Refinements to the snow-physics scheme of the Simplified Simple Biosphere Model (SSiB) are described and evaluated. The upgrades include a partial redesign of the conceptual architecture of snowpack to better simulate the diurnal temperature of the snow surface. For a deep snowpack, there are two separate prognostic temperature snow layers: the top layer responds to diurnal fluctuations in the surface forcing, while the deep layer exhibits a slowly varying response. In addition, the use of a very deep soil temperature and a treatment of snow aging with its influence on snow density is parameterized and evaluated. The upgraded snow scheme produces better timing of snowmelt in Global Soil Wetness Project (GSWP)-style simulations using International Satellite Land Surface Climatology Project (ISLSCP) Initiative I data for 1987–88 in the Russian Wheat Belt region.

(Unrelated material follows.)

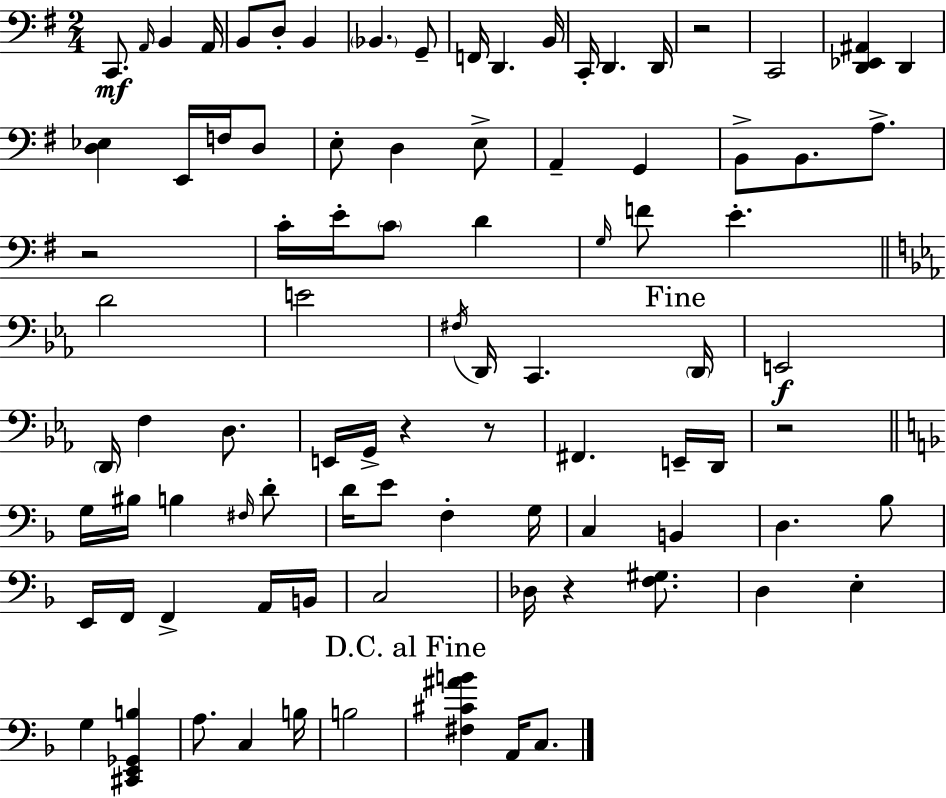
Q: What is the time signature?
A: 2/4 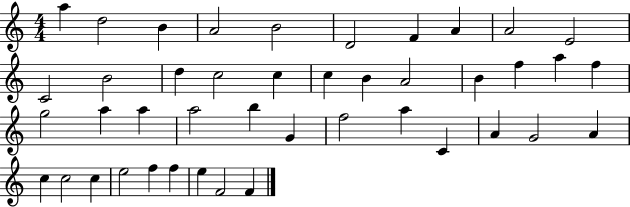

To simulate more realistic runoff in regions with high orographic variability, additional improvements are made to SSiB's soil hydrology. These improvements include an orography-based surface runoff scheme as well as interaction with a water table below SSiB's three soil layers. The addition of these parameterizations further helps to simulate more realistic runoff and accompanying prognostic soil moisture fields in the GSWP-style simulations.

In intercomparisons of the performance of the new snow-physics SSiB with its earlier versions using an 18-yr single-site dataset from Valdai, Russia, the revised version of SSiB described in this paper again produces the earliest onset of snowmelt. Soil moisture and deep soil temperatures also compare favorably with observations.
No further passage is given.